One might be inclined to view these former trading centres exclusively from the French point of view and to consider their status between 1754 and 1954 as a historical vestige of French colonisation of India or view them in the period between 1954 and today as »living museums« of French culture.2 That is how Pondicherry is actually often perceived in France. A group of British and French researchers in Liverpool has however addressed this case in different terms. It reveals that sometimes colonialism did not function as it was actually supposed to, because from 1763 to 1947 French colonisation was under pressure from another colonial power, namely the British Empire. The four-year project »Peripheral Voices in European Colonialism 1754–1954/Les voix marginales dans le colonialisme européen 1754–1954« attempts to develop a post-colonial discourse in two languages and for two cultures and in the process to escape the national limitations of colonialism and post-colonialism research.3 It is high time to develop »trans-national post-colonialism research« building on the foundations devised in English from 1980 to 1990 focusing on British former colonies in Asia and Africa. These foundations and sources should however be extended by incorporating multilateral power relations in other areas (for example in Mauritius, in Canada or in the Caribbean) and colonial players from other countries active in India (such as for example Portugal, the Netherlands, France, Denmark and Sweden). It is important to find out how these countries colonised territories in India – colonialism also functions in a fashion akin to firms competing with each other – and what after-effects this colonisation had on depictions of India in the respective languages. In French-language descriptions of India, one finds not only the aforementioned exoticism but also a mix of both admiration for and vigorous criticism of British colonialism.

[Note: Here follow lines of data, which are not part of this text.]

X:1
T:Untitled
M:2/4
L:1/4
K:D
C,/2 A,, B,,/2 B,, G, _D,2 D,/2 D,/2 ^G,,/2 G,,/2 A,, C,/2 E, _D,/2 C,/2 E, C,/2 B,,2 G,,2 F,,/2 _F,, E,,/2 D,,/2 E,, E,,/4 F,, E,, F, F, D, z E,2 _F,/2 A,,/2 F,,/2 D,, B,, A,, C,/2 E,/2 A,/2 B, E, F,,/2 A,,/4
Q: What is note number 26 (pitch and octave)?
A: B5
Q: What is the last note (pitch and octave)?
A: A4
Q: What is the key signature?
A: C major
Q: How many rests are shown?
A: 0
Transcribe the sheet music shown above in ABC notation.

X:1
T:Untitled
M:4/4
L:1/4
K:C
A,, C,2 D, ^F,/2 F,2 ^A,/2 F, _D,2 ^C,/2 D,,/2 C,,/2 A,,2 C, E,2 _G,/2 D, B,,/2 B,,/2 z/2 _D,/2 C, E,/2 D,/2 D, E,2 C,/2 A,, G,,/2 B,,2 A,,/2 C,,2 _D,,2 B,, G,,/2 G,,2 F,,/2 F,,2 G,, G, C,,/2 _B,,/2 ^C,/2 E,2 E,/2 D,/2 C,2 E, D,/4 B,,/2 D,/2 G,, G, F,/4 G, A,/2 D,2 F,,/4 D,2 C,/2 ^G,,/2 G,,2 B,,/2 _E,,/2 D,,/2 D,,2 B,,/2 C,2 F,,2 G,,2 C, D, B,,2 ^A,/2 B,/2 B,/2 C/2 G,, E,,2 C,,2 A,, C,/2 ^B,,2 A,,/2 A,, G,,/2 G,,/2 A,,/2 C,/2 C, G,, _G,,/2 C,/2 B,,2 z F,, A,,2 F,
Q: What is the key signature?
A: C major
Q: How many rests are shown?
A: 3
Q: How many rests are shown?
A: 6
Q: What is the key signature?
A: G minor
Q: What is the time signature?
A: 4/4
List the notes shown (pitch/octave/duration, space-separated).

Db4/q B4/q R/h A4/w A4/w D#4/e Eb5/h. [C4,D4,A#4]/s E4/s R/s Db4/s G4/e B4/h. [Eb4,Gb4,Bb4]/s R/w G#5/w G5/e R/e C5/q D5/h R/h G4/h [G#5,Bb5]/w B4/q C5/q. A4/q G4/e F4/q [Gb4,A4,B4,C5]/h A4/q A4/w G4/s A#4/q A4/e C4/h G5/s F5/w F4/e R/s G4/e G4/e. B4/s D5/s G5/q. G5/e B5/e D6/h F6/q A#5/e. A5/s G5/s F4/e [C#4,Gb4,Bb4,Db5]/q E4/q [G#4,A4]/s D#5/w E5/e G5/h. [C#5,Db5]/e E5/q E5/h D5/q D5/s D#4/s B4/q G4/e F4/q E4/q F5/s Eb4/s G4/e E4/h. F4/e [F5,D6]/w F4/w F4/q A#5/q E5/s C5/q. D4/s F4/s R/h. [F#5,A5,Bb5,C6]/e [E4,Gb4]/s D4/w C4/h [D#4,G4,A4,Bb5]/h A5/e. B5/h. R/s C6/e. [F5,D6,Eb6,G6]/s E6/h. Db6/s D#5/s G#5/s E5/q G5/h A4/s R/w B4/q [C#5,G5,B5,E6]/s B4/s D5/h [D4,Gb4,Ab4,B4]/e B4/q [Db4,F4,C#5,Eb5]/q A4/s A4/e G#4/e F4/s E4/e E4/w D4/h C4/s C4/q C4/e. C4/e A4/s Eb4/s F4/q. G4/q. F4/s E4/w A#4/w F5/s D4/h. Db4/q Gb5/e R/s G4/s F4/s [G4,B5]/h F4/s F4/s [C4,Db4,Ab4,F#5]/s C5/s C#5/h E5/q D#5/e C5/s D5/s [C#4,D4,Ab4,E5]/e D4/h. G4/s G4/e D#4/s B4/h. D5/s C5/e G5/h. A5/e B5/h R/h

This triangulation in respect of the roles of the French, Indians and British can help not only to make the post-colonial discourse more intercultural, but reveals too that colonial power relations come into play on several levels. Power relations between the various groups in the population can be identified back in the pre-colonial era and were frequently exploited by colonisers rather than being surmounted. That was the case with the Ashanti tribe, which was partly involved in the West African slave trade alongside the Europeans. This was also what happened in the 18th century in cooperation between Europeans and the remnants of the Mughal empire in India. And it is also the case for neo-colonialism, which first of all thoroughly explores a country’s power structure before exploiting it. Only a comparative analysis can do justice to this and thus help to renew the post-colonial discourse.

 

Translated by Helen Ferguson

 

1 C.f. Gurus and Gauloises, in: Daily Telegraph, 1st April 2000, p. T12.
2 Kathryn Gibbs, Exoticism, Autobiography and Nostalgia: French-language Representations of India on the Web, thesis from Liverpool university, 2006, p. 45.
3 C.f. http://www.liv.ac.uk/~magedera/French_India.htm ; the project was awarded the first grant from the British Arts and Humanities Research Council (AHRC) in the sphere of French-language colonialism and post-colonialism research.